Скажу прямо; я, как и все читатели этих строк, не могу и не хочу остаться без дохода. И вот когда передо мной встает проклятый вопрос: что это за доход? Откуда? По какому нраву? Уверен ли я в его законности? По какому каналу он ко мне поступает? Здесь начинаются муки. Я не всегда уверен, надо ли мне мучиться этой проблемой, если другие уже давно ею не мучаются. Как жить? В расчете на социальный стереотип или собственные понятия о чести? Как «все живут» или как «один я» должен жить? Насколько будут убедительны мои нравственные выкладки для моих дорогих и близких, жизнь которых зависит пока целиком и полностью от моего дохода? Имею ли я право во имя собственного чистоплюйства жертвовать заодно и их жизнями? Разрешить это суждено не всякому смертному, а Жадов у Островского — человек смертный, отягощенный слабостями и несовершенствами, как большинство из нас, — {122} и тем прекраснее его героический бунт, нравственная, великая для его души победа.
Думаю, что никаким серьезным опережением в плане общего настроения зрителей этот спектакль не располагал. Настроение было как раз угадано. С первых же минут между сценой и зрительным залом устанавливался на редкость плотный, энергетически насыщенный контакт. Но в плане новой театральной эстетики, своеобразного публицистического запала, возможно, некоторое опережение было. Спектакль не только радовал, но и удивлял, озадачивал и, естественно, раздражал.
В русском театре недостаточно одного только ума, недостаточно одного только смеха, недостаточно одних только слез. Русский театр мечтал обо всем сразу. Задуматься и посмеяться, задуматься и поплакать хотели в театре наши предки — хотим и мы того же. Не выстраивая никакого рационально продуманного режиссерского каркаса, я тем не менее скорее подсознательно, чем по разумению, понимал, что история маленького русского человека, скромного молодого интеллигента Жадова, должна спроецироваться на космический фон российской истории, мы должны беззлобно посмеяться над ним, должны и поплакать над бедолагой.
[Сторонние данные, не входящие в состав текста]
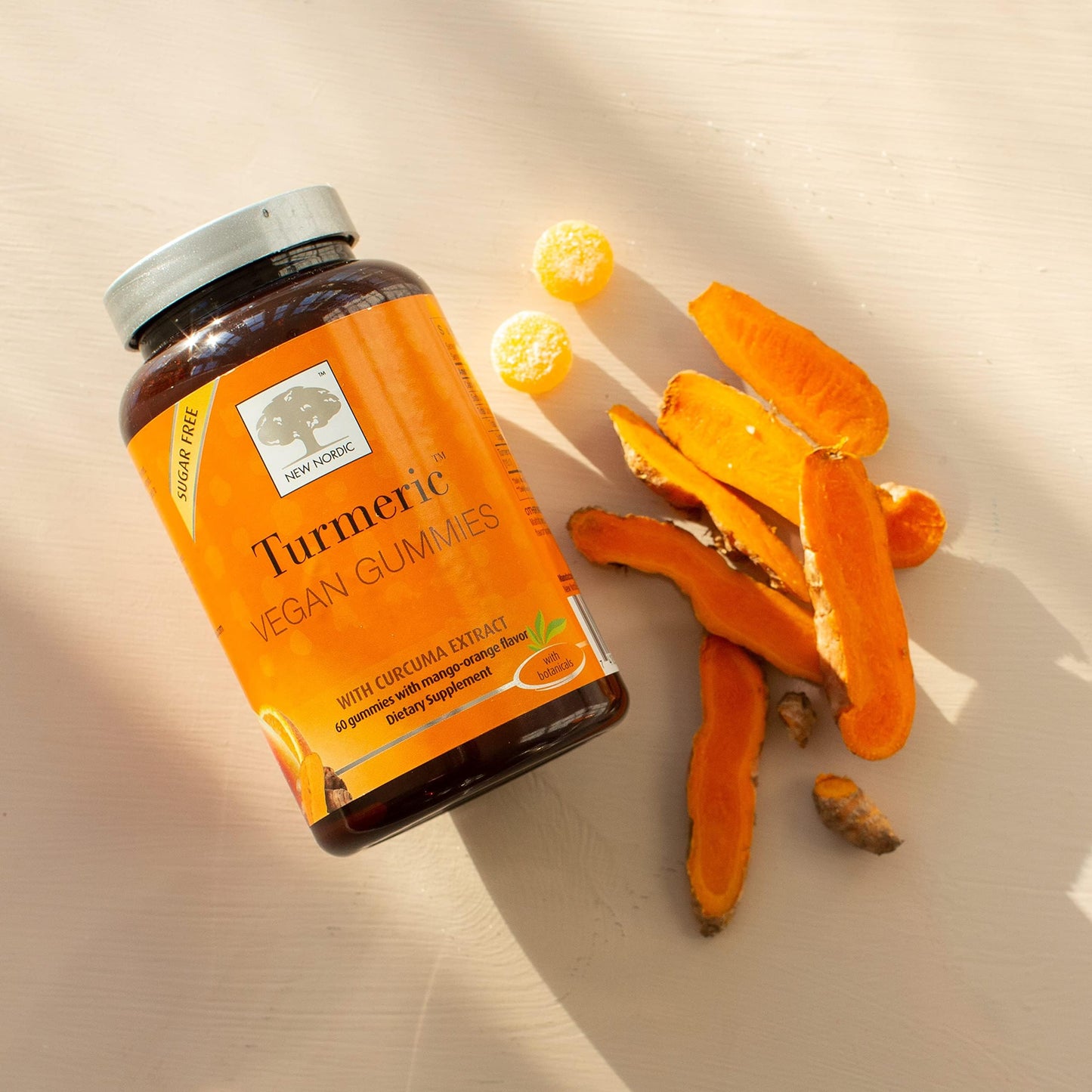 NEW NORDIC Turmeric Curcumin Gummies 300 mg Turmeric, Sugar Free, 60 Gummies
И тогда, может быть, случится чудо: идея спектакля, точнее, комплекс идей, не сформулированных декларативным образом, тем не менее воссоздастся, материализуется в нашем сознании когда-нибудь после, по окончании спектакля, потом, не скоро. Поиск и движение Жадова, его проблемы и соблазны обретут характер устойчивого круговорота в нашем размышлении о его судьбе, и мы неотвратимо начнем соотносить его нравственное дерзание с нашим собственным.